I don’t see or taste the world this way and have no conceivable means of understanding what it must be like to experience life like this, or how it would everything about how one would think and behave in the world.

Nor does that pit viper have anyway to wrap their minds around what it must be like be human, to see a million different hues of color and have the visual resolution to pick out the pattern in an animal’s fur that even that animal cannot see, and do it all from a long distance away, while driving a vehicle, sipping espresso, and listening to compositions by Ludovico Einaudi.

This is the concept of Umwelt (pronounced um-velt).

All life is subjective; all experiences are shaped by the hardware we evolved to wield.

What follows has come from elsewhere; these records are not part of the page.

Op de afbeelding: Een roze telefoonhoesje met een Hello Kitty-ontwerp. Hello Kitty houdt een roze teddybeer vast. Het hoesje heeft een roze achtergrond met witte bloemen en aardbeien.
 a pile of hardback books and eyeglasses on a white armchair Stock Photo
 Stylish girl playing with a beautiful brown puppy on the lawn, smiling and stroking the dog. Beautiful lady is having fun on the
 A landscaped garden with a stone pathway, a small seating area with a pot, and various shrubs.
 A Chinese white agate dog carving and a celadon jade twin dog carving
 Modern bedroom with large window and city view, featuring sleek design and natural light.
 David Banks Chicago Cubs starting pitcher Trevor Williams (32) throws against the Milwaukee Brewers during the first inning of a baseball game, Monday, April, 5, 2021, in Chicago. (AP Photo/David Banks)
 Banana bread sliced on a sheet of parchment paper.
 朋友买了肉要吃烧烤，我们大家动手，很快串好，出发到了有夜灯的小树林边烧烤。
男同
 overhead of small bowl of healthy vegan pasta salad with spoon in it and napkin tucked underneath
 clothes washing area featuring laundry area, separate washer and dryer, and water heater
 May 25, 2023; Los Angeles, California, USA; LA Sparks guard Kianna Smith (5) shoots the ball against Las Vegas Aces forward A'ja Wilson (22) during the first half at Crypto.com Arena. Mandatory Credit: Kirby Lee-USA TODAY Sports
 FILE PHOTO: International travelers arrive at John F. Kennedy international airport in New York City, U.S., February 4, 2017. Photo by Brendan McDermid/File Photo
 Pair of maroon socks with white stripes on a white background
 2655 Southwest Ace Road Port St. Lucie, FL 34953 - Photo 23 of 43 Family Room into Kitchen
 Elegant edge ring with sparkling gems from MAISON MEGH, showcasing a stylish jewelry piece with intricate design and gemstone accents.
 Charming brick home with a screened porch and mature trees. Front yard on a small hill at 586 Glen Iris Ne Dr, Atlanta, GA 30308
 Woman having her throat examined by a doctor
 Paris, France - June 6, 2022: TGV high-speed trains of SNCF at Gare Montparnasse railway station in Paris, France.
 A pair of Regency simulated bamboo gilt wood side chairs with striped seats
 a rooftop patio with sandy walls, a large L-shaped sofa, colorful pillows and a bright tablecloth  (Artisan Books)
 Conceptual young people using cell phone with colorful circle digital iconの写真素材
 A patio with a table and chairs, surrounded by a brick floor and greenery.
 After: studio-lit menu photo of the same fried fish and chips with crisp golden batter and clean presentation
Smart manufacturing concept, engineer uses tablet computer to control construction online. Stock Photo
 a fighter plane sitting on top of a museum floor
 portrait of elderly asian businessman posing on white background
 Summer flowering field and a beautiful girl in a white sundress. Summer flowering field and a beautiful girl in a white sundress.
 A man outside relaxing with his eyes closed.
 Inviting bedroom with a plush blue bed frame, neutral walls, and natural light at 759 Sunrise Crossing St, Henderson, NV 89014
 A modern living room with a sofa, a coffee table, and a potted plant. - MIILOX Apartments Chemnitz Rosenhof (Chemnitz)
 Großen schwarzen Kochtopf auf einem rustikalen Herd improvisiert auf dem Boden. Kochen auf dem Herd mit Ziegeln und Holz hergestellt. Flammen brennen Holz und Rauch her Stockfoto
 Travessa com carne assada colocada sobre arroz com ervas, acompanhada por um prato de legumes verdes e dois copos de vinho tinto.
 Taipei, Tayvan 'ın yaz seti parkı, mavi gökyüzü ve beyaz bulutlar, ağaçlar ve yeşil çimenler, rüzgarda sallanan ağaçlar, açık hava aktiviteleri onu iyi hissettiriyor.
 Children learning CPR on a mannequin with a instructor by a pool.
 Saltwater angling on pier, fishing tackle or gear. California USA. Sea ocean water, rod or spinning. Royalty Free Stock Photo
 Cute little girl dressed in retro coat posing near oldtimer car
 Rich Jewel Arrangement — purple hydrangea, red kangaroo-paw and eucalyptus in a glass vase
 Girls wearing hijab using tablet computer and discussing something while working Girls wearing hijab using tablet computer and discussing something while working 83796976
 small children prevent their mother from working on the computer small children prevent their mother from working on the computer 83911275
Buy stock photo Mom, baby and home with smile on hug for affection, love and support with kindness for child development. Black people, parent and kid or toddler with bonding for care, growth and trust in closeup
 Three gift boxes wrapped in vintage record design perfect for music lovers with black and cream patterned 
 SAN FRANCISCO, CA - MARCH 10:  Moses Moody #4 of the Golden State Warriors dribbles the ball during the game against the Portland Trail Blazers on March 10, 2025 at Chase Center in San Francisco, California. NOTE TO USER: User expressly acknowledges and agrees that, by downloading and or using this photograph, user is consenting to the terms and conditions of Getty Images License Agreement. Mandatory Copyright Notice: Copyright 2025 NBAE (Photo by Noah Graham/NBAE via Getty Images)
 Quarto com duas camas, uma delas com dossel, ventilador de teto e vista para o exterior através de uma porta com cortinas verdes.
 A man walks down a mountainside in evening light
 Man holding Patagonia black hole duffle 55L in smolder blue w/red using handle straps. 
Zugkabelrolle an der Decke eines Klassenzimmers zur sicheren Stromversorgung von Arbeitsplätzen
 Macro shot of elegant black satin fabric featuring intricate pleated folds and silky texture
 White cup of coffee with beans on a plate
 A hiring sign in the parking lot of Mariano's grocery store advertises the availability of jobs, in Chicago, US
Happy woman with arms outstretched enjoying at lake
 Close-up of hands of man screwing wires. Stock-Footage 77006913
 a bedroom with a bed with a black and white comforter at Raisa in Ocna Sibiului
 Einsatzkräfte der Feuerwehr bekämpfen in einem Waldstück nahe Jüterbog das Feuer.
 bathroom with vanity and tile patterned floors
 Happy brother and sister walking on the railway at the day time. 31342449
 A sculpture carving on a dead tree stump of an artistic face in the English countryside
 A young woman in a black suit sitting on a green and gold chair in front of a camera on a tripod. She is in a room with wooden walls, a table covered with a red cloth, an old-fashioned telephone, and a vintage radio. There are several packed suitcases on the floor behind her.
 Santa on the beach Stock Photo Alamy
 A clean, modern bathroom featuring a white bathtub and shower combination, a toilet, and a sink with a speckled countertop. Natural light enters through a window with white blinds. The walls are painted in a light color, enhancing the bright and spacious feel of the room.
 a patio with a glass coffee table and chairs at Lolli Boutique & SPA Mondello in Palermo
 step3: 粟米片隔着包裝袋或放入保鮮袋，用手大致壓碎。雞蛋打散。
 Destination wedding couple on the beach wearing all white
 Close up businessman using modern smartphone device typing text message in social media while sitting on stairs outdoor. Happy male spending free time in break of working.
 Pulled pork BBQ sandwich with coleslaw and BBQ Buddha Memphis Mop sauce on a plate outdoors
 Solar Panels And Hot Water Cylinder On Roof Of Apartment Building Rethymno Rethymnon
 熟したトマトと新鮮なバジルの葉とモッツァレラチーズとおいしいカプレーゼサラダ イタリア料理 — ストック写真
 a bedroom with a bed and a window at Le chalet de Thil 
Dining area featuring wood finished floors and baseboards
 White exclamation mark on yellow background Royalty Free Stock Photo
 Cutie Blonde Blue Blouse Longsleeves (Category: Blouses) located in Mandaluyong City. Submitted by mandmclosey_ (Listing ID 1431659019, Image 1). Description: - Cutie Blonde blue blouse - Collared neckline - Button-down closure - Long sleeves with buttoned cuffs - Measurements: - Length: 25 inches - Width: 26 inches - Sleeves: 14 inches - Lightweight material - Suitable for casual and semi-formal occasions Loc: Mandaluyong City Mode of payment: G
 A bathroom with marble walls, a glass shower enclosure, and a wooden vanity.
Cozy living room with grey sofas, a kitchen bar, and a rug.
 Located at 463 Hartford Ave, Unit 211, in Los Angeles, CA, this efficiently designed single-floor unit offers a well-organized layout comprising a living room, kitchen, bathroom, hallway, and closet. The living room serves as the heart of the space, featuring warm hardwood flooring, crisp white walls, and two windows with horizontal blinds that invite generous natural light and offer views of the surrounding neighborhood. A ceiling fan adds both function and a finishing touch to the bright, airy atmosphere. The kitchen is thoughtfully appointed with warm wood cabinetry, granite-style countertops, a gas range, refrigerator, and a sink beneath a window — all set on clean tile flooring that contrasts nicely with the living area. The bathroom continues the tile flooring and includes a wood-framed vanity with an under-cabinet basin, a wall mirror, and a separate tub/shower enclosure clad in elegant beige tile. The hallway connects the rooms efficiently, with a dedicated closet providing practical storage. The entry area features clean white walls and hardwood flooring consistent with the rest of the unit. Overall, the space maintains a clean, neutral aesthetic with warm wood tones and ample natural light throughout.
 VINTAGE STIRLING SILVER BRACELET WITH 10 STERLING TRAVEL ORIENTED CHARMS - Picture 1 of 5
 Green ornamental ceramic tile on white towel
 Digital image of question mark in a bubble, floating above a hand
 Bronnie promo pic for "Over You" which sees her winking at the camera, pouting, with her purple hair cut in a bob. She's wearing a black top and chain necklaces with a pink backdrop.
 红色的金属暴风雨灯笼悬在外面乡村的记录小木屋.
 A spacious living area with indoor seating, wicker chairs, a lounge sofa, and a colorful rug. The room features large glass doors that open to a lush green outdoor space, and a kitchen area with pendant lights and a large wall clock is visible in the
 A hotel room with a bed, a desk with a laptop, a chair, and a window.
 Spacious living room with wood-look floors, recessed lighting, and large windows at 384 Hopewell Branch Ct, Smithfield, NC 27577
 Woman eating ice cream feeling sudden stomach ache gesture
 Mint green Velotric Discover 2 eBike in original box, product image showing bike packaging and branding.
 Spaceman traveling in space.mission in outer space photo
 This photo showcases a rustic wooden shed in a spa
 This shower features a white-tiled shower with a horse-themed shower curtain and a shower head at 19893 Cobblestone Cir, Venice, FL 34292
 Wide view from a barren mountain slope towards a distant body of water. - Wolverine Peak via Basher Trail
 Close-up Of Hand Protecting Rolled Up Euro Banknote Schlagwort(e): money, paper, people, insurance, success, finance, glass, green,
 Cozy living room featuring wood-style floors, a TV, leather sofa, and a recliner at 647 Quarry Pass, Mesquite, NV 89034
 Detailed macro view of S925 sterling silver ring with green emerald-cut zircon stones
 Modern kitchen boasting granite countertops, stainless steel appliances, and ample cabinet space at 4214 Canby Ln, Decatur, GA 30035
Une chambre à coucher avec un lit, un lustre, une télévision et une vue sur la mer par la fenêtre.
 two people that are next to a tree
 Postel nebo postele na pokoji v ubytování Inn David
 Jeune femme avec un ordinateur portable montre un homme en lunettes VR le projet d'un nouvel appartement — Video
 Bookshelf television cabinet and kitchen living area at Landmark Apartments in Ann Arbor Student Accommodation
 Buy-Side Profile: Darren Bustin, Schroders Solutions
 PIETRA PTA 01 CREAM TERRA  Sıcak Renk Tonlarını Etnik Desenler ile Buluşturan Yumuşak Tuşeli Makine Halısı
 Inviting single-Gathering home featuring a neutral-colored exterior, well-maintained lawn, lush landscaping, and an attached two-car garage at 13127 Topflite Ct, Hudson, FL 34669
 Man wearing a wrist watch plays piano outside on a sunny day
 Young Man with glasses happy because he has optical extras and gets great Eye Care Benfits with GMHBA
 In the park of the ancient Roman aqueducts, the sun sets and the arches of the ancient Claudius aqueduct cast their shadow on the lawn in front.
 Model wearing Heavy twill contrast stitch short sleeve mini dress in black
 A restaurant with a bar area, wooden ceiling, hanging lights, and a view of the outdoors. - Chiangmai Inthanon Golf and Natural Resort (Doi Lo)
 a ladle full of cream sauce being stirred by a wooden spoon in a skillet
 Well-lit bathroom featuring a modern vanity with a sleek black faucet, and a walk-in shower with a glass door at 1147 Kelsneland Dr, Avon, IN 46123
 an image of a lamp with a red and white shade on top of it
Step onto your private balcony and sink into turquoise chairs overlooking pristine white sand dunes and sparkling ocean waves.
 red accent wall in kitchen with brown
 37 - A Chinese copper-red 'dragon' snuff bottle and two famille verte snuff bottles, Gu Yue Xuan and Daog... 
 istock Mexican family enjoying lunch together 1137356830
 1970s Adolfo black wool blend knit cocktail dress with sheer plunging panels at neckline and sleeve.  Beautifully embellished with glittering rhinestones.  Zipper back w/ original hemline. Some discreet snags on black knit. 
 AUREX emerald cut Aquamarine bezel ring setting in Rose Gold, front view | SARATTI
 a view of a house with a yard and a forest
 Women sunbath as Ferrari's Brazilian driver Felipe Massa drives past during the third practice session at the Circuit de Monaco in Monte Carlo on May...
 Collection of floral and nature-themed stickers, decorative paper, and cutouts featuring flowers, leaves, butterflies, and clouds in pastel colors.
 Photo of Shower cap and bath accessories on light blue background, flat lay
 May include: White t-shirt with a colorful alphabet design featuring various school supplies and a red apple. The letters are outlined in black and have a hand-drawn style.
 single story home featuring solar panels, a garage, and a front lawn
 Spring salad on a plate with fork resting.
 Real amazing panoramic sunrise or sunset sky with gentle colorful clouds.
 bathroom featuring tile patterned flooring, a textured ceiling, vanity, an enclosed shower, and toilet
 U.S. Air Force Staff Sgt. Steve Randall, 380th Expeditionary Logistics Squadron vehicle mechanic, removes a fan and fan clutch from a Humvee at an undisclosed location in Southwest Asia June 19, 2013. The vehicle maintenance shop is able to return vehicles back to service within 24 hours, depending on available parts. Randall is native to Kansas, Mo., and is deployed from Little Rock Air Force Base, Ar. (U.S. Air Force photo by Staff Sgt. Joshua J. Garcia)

As wildlife photographers, we must be mindful of this. In a national park, animals stand around on the side of the road because they are so inundated by us to have become habituated to us and our noise and our smells. Maybe they are just too stoned from the carbon monoxide of our vehicles to care, which is another possibility. Either way, outside of these very specific situations however, animals are weary of all the other stuff we bring into their world. Different often equates to danger.

Noise works like concentric waves on the water. Small noises equate to small waves. Loud noises are like big waves, driving everything away. I wrote about this at length in my series of articles titled, Zen and the Art of Finding Wildlife.   

But smell is no different. And it’s important to understand you and I cannot even begin to imagine how attuned to smell some animals are, how powerful and profound that sensory experience is to them.

While we can never begin to understand what the Umvelt of another animal must be like, what a three-dimensional smellscape must be like, we can at least try and then adjust our behaviors accordingly. And when we do this, our success as wildlife photographers will grow along with the depths of our own experiences in the natural world.